Stool and swab samples collected in the acute stage of the disease, before antibiotics have been administered, are the most useful specimens for laboratory diagnosis. If an epidemic of cholera is suspected, the most common causative agent is V. cholerae O1. If V. cholerae serogroup O1 is not isolated, the laboratory should test for V. cholerae O139. However, if neither of these organisms is isolated, it is necessary to send stool specimens to a reference laboratory. Infection with V. cholerae O139 should be reported and handled in the same manner as that caused by V. cholerae O1. The associated diarrheal illness should be referred to as cholera and must be reported in the United States.[16]
A number of special media have been employed for the cultivation for cholera vibrios. They are classified as follows:
Enrichment media
- Alkaline peptone water at pH 8.6
- Monsur's taurocholate tellurite peptone water at pH 9.2
Plating media
- Alkaline bile salt agar (BSA): The colonies are very similar to those on nutrient agar.
- Monsur's gelatin Tauro cholate trypticase tellurite agar (GTTA) medium: Cholera vibrios produce small, translucent colonies with a greyish-black center.
- TCBS medium: This is the mostly widely used medium; it contains thiosulphate, citrate, bile salts and sucrose. Cholera vibrios produce flat, 2–3-mm-diameter, yellow-nucleated colonies.
Direct microscopy of stool is not recommended, as it is unreliable. Microscopy is preferred only after enrichment, as this process reveals the characteristic motility of Vibrio and its inhibition by appropriate antisera.

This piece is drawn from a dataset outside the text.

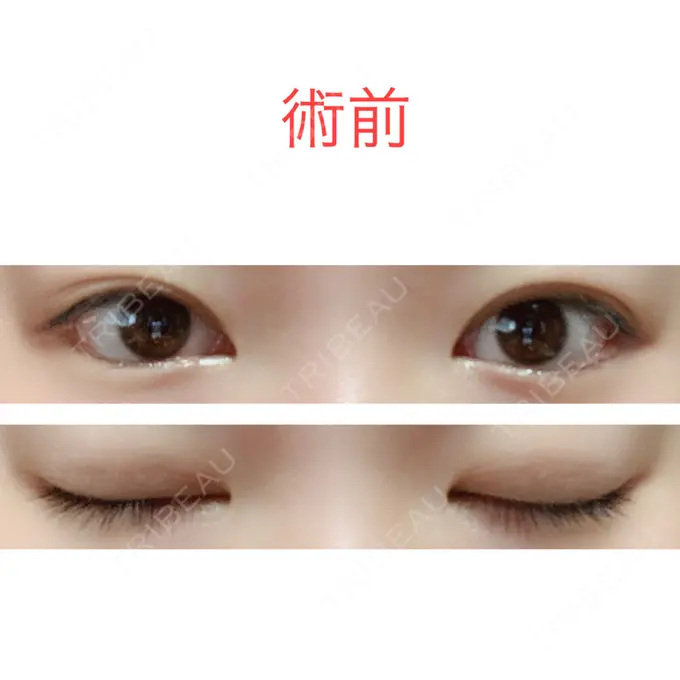 二重切開 水の森美容クリニック 東京新宿院 BEFORE メイン用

Diagnosis can be confirmed, as well as serotyping done by agglutination with specific sera.
Prevention
Although cholera may be life-threatening, prevention of the disease is normally straightforward if proper sanitation practices are followed. In developed countries, due to nearly universal advanced water treatment and sanitation practices, cholera is no longer a major health threat. The last major outbreak of cholera in the United States occurred in 1910–1911.[17][18] Effective sanitation practices, if instituted and adhered to in time, are usually sufficient to stop an epidemic. There are several points along the cholera transmission path at which its spread may be halted:
- Sterilization: Proper disposal and treatment of infected fecal waste water produced by cholera victims and all contaminated materials (e.g. clothing, bedding, etc.) are essential. All materials that come in contact with cholera patients should be sanitized by washing in hot water, using chlorine bleach if possible. Hands that touch cholera patients or their clothing, bedding, etc., should be thoroughly cleaned and disinfected with chlorinated water or other effective antimicrobial agents.
- Sewage: antibacterial treatment of general sewage by chlorine, ozone, ultraviolet light or other effective treatment before it enters the waterways or underground water supplies helps prevent undiagnosed patients from inadvertently spreading the disease.
- Sources: Warnings about possible cholera contamination should be posted around contaminated water sources with directions on how to decontaminate the water (boiling, chlorination etc.) for possible use.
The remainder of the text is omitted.